Understanding the articulation of state and capital allows us to see these emergency measures in a perhaps more measured light. They aren’t the paroxysmal realisation of the political essence of the West, but instead the political tools deemed necessary to resolve an imminent economic crisis which is, at the same time, and no less, a human crisis of breathtaking scale. They are stop-gap measures to shore up a world economy that had, even prior to the outbreak of the pandemic, been slowing for many years; while these measures are also means of sheer survival. As such, to cautiously accept them is not tantamount to endorsing totalitarianism, or to further normalising the state of exception. Instead, to accept them is to acknowledge that under capitalism, the state (and capital) have come to mediate our relations to our health, our bodies, our lives. It is to acknowledge that the state has in fact appropriated our means of health and care, that we are dependent for our existence on the logics and actors responsible in the first place for our ill health, our sickness, our exploitation. This acknowledgement is not an endorsement of emergency, but a clear-eyed recognition of where we stand. It is a recognition that capitalism has not yet been overcome.
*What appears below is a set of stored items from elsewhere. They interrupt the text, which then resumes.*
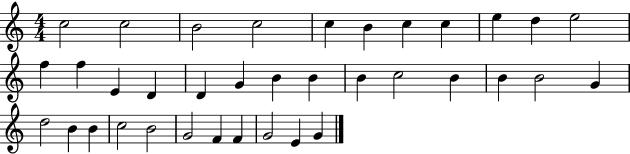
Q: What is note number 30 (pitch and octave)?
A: B4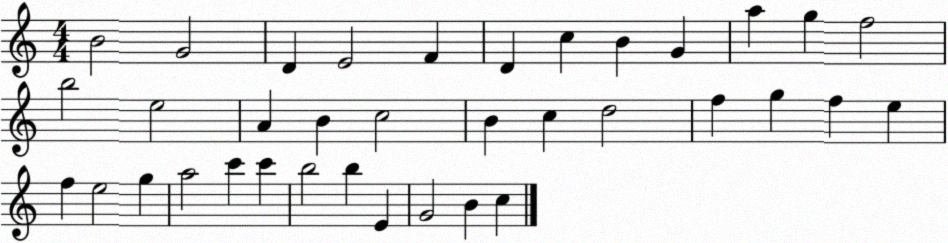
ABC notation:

X:1
T:Untitled
M:4/4
L:1/4
K:C
B2 G2 D E2 F D c B G a g f2 b2 e2 A B c2 B c d2 f g f e f e2 g a2 c' c' b2 b E G2 B c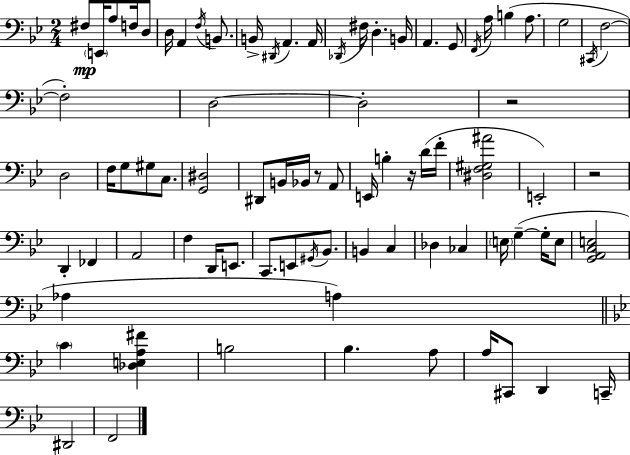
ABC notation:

X:1
T:Untitled
M:2/4
L:1/4
K:Gm
^F,/2 E,,/4 A,/2 F,/4 D,/2 D,/4 A,, F,/4 B,,/2 B,,/4 ^D,,/4 A,, A,,/4 _D,,/4 ^F,/4 D, B,,/4 A,, G,,/2 F,,/4 A,/4 B, A,/2 G,2 ^C,,/4 F,2 F,2 D,2 D,2 z2 D,2 F,/4 G,/2 ^G,/2 C,/2 [G,,^D,]2 ^D,,/2 B,,/4 _B,,/4 z/2 A,,/2 E,,/4 B, z/4 D/4 F/4 [^D,F,^G,^A]2 E,,2 z2 D,, _F,, A,,2 F, D,,/4 E,,/2 C,,/2 E,,/2 ^G,,/4 _B,,/2 B,, C, _D, _C, E,/4 G, G,/4 E,/2 [G,,A,,C,E,]2 _A, A, C [_D,E,A,^F] B,2 _B, A,/2 A,/4 ^C,,/2 D,, C,,/4 ^D,,2 F,,2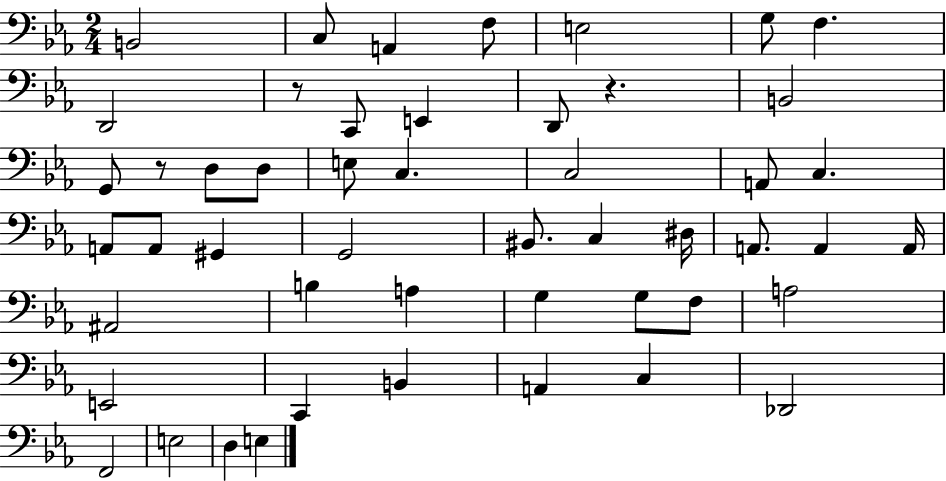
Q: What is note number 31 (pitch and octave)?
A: A#2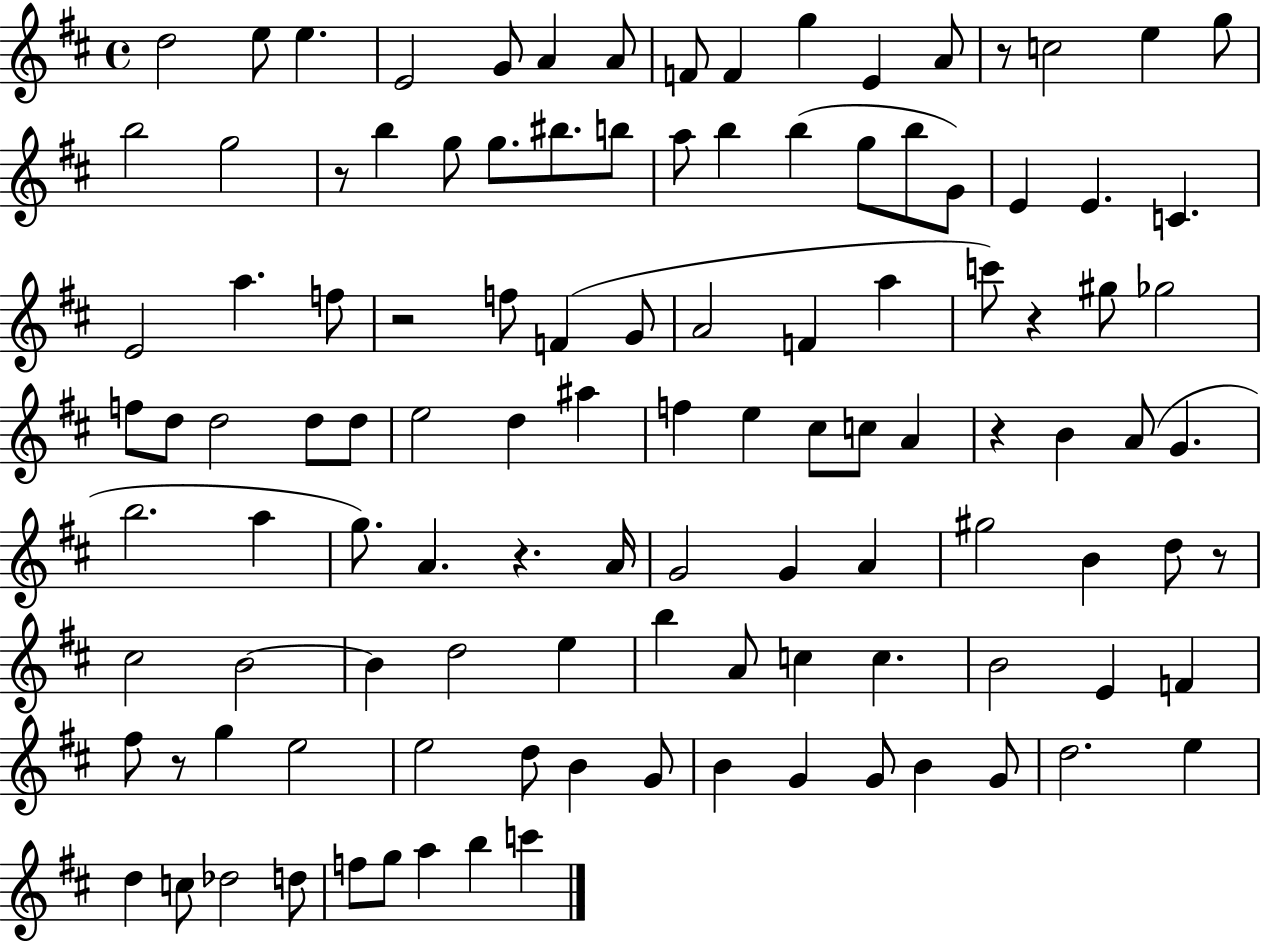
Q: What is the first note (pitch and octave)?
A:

It is a recognition that sometimes, we are alive because capital wants us to be alive, at least for now. It is a recognition that we cannot step out of the value relation by ourselves, as individuals, and that until we do so collectively, we will – at least sometimes – be forced to play by its rules. Like Agamben, Foucault was a virulently anti-state thinker. Yet in theorising the imbrication of capital, state, and life, he was also able to comprehend our dependence on the latter, a dependence which both traps, and sometimes, cruelly, sustains.
So Agamben’s polemic misses the point. Until we abolish capitalism, the need for these sorts of emergency measures will be constantly regenerated. As Foucault explained (and as much Marxist state theory corroborates), the emergence of the modern capitalist economy generates the need for distinct political mechanisms of control – while it is just our added misfortune that these mechanisms are now increasingly tied to our biological lives, and often take the form, as now, of emergency measures. Thus the generalisation of emergency measures is not only due to the logic of sovereignty, as Agamben would have it. Instead, it is also due to the political and now biological requirements of capital. The very biological unsustainability of capitalist globalisation – recently discussed by Mike Davis – portend ever more of these state interventions. Agamben’s strategy is to run from them. In the meantime, people will keep dying.
Put differently, biopolitics cannot be confronted only on the terrain of the state. It must also be confronted on the terrain of capital. In failing to step onto the latter, Agamben falls into the philosophical abyss.